Überbrettl (/de/; English: lit. 'Overboard') was the first venue in Germany for literary cabaret, or Kabarett, founded 1901 in Berlin by Ernst von Wolzogen. The German Kabarett concept was imported from French venues like Le Chat Noir in Paris, from which it kept the characteristic atmosphere of intimacy. But the German type developed its own peculiarities, most prominently its characteristic gallows humour.

==History==
The distinct cabaret atmosphere was sketched by Otto Julius Bierbaum in his 1897 novel Stilpe, which inspired Wolzogen in the foundation of the Überbrettl. He chose the initial name both to parody Friedrich Nietzsche's Übermensch concept and also to signal his intent go "above and beyond" (über) the local Brettl (slang: "[stage]board") variety shows and even the French literary cabaret.

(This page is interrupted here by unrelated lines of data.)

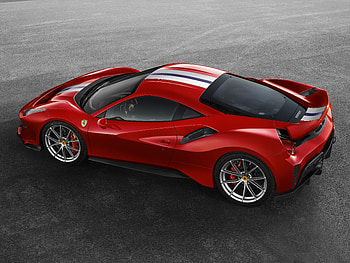 Top view, Ferrari 488 pista, hyper-car HD wallpaper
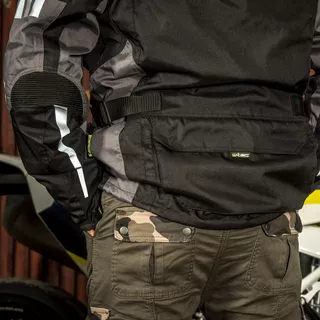 Pánske moto nohavice W-TEC Shoota - tmavo šedá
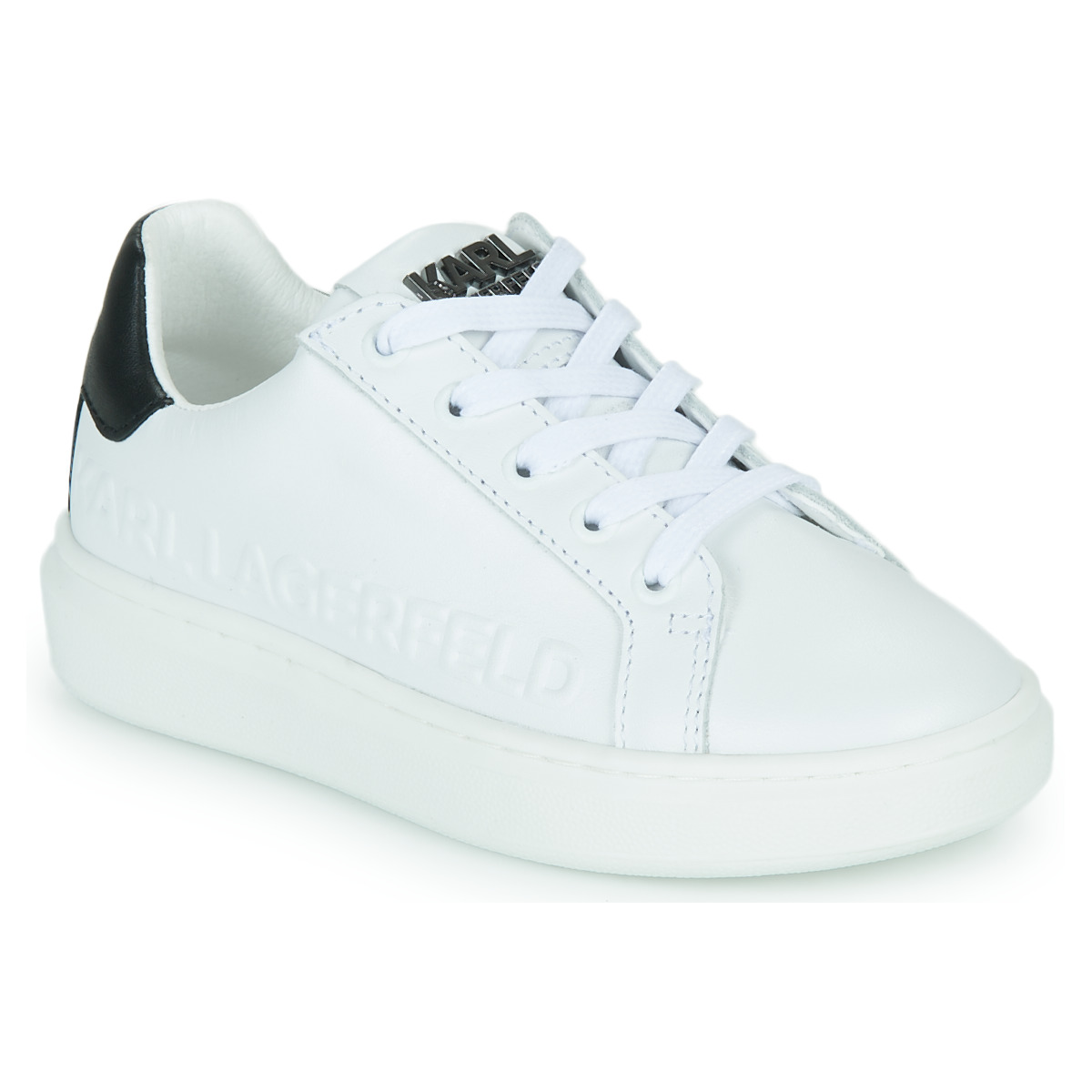 Schuhe Jungen Sneaker Low Karl Lagerfeld Z29049 Weiß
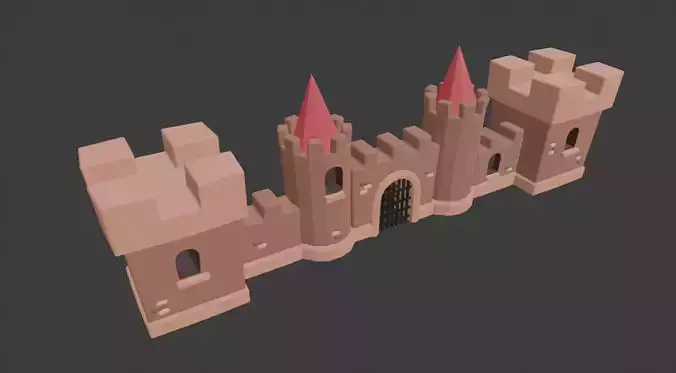 Lowpoly Castle Model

The venue opened in a former theatre on 18 January 1901 on Alexanderstraße No. 40, vis-à-vis the Alexanderplatz police headquarters. Victor Hollaender, the father of Friedrich Hollaender, served as musical director, temporarily superseded by Arnold Schoenberg, with Oscar Straus as chief composer. Performances included parodies written by Christian Morgenstern and the one-act play Episode by Arthur Schnitzler. They soon became very popular entailing the establishment of numerous Kabarett venues all over Berlin.

However, economical difficulties arose in the same year, when Wolzogen established another venue, the Buntes Theater ("colourful theatre"), in the Kreuzberg quarter. The great hall was lavishly decorated in an Art Nouveau style by August Endell, nevertheless the extensive costs combined with the remote location turned out to be fatal. In 1902 Wolzogen retired and the stage performances concentrated on trivial comedies. From 1909 onwards, the rooms were used by the Freie Volksbühne theatre company.